§ **Prompt**
Your answer should be the line containing "Map - Meike Kordfelder" and every line after it to the end of the records below, word for word.

§ **Web page caption snippets**
---*---

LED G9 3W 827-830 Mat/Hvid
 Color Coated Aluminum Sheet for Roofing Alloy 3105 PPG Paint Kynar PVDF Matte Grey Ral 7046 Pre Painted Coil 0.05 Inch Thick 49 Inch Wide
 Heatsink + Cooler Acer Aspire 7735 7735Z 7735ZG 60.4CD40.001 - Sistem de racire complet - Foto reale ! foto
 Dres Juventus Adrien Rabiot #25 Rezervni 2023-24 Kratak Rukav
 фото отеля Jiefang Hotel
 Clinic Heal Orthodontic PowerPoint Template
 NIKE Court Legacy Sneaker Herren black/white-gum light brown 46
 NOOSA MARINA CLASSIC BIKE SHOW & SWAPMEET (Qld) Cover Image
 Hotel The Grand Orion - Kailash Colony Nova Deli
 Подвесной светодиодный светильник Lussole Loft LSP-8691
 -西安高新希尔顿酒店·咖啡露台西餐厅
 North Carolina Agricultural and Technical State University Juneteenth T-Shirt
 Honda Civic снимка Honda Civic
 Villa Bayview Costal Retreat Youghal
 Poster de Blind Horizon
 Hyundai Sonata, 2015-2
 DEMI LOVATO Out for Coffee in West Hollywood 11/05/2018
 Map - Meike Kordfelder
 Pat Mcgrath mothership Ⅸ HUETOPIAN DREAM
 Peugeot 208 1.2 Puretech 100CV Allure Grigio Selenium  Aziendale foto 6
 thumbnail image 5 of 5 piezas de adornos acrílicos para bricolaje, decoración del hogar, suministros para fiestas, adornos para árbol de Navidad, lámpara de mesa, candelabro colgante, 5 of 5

---*---

§ **Reply to the task**
 Map - Meike Kordfelder
 Pat Mcgrath mothership Ⅸ HUETOPIAN DREAM
 Peugeot 208 1.2 Puretech 100CV Allure Grigio Selenium  Aziendale foto 6
 thumbnail image 5 of 5 piezas de adornos acrílicos para bricolaje, decoración del hogar, suministros para fiestas, adornos para árbol de Navidad, lámpara de mesa, candelabro colgante, 5 of 5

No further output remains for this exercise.